■ ACTIVITY:
Below are some entries. Transcribe the lines from the one holding "Piscina de apartamento" to the one holding "Delta Boss bench", inclusive, but not the pictures among them.

■ DATA FOR THIS EXERCISE:

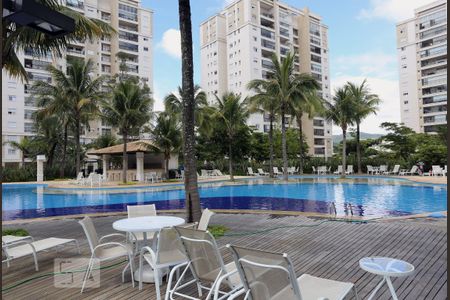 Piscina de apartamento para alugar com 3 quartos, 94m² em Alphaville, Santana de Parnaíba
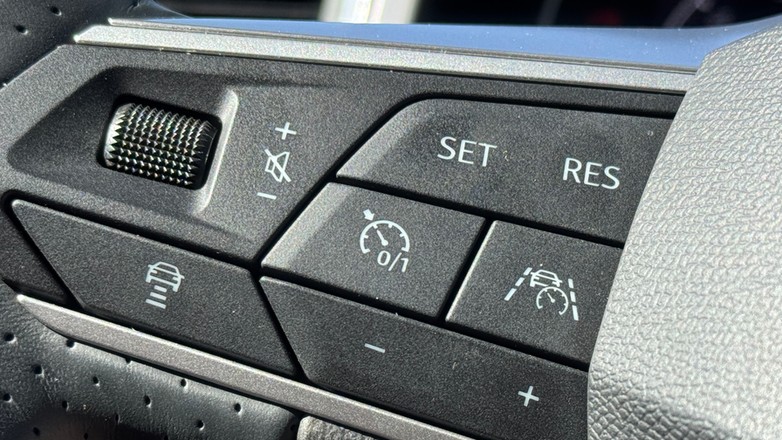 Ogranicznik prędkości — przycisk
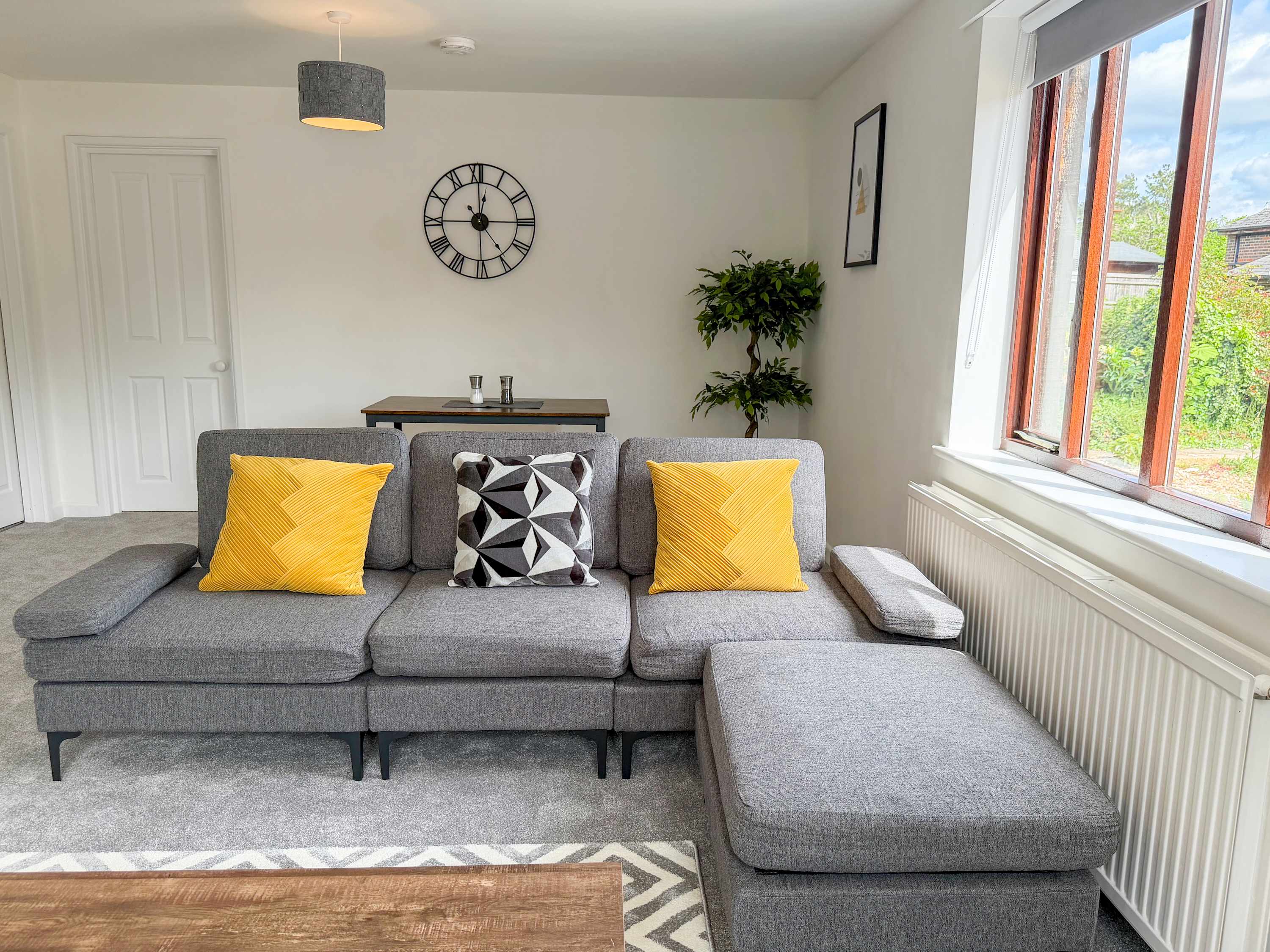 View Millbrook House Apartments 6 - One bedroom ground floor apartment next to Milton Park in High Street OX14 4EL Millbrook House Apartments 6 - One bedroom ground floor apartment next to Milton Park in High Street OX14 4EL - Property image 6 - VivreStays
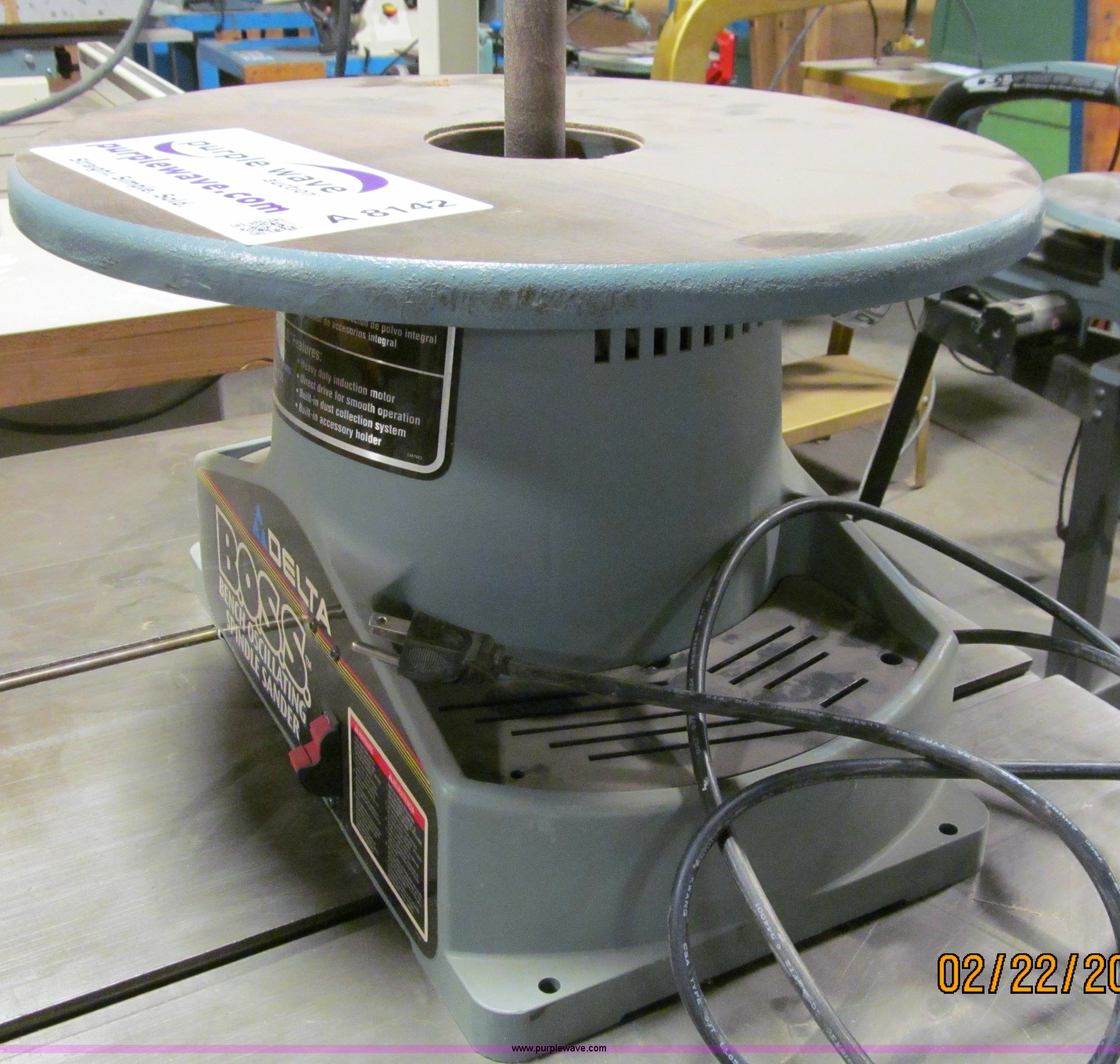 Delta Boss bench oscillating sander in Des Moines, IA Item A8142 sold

--

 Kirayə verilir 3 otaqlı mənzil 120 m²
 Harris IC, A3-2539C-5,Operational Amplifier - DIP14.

...

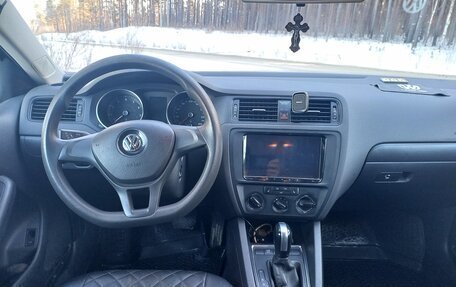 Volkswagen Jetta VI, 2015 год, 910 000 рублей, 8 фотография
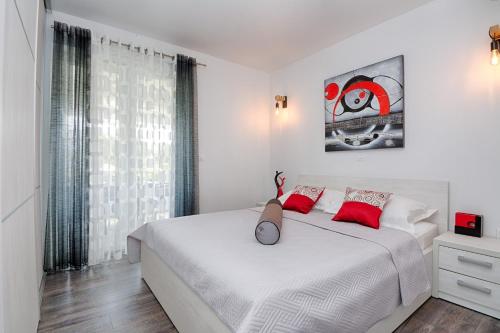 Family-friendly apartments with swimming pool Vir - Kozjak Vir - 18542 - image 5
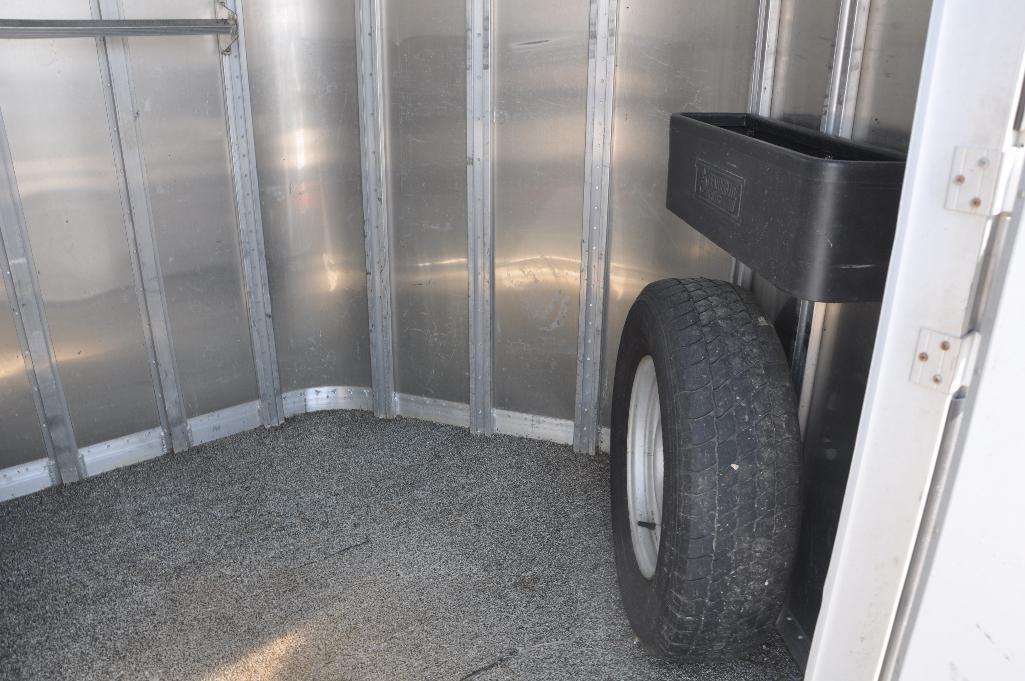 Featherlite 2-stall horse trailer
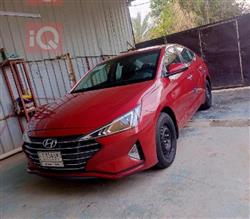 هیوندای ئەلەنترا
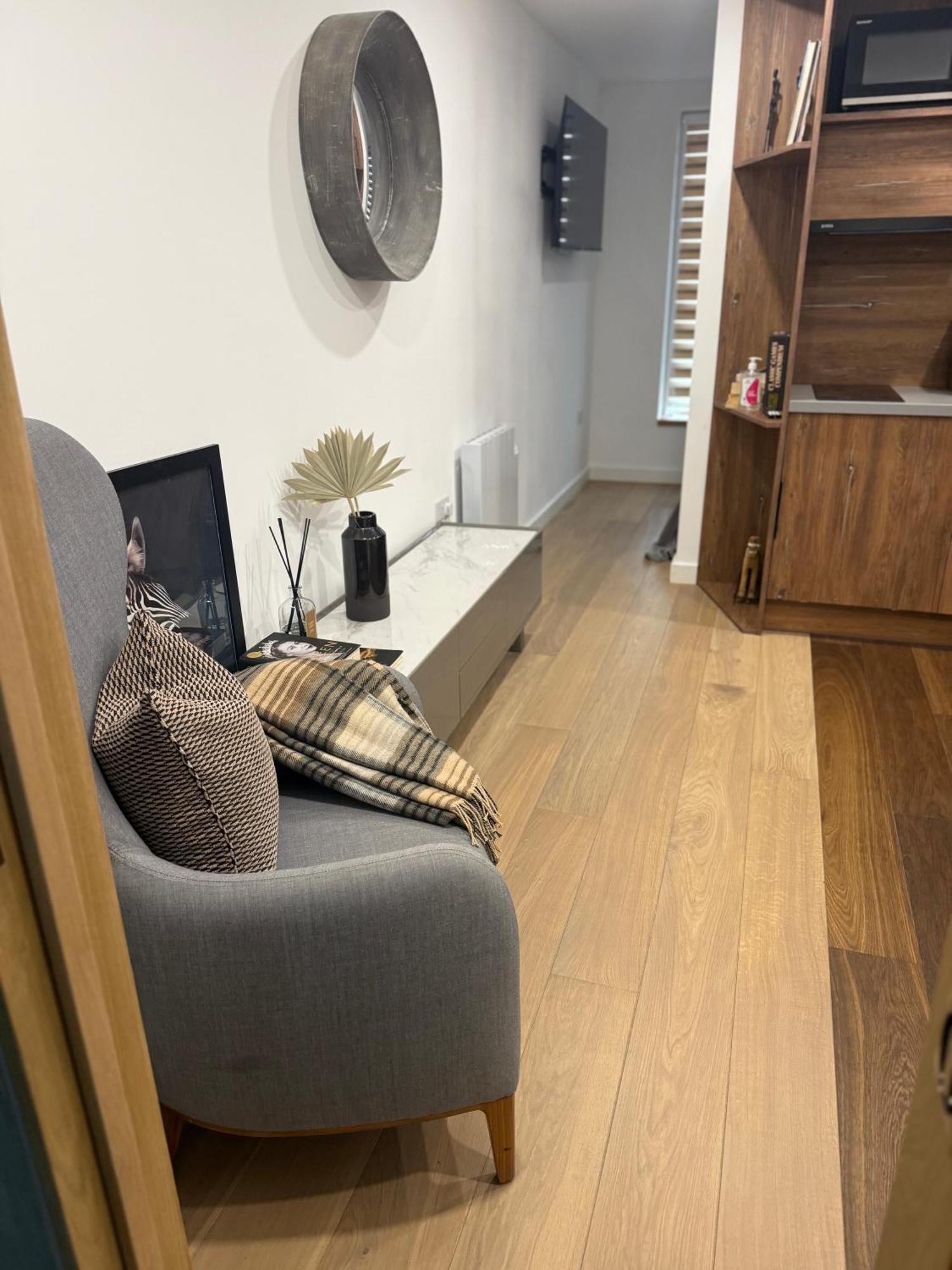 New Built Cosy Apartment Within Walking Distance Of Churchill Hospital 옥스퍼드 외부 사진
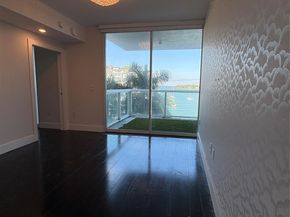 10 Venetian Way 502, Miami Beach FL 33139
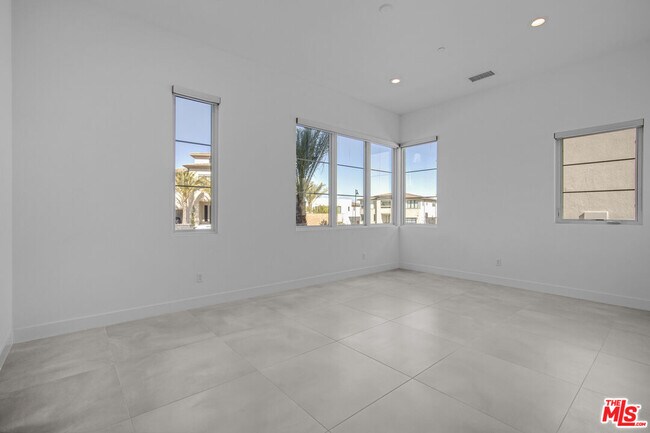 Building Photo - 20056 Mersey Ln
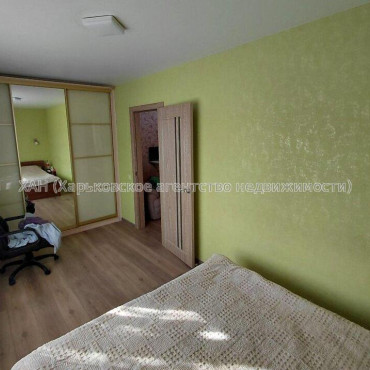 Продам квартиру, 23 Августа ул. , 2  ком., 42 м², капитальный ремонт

■ RESPONSE:
 Piscina de apartamento para alugar com 3 quartos, 94m² em Alphaville, Santana de Parnaíba
 Ogranicznik prędkości — przycisk
 View Millbrook House Apartments 6 - One bedroom ground floor apartment next to Milton Park in High Street OX14 4EL Millbrook House Apartments 6 - One bedroom ground floor apartment next to Milton Park in High Street OX14 4EL - Property image 6 - VivreStays
 Delta Boss bench oscillating sander in Des Moines, IA Item A8142 sold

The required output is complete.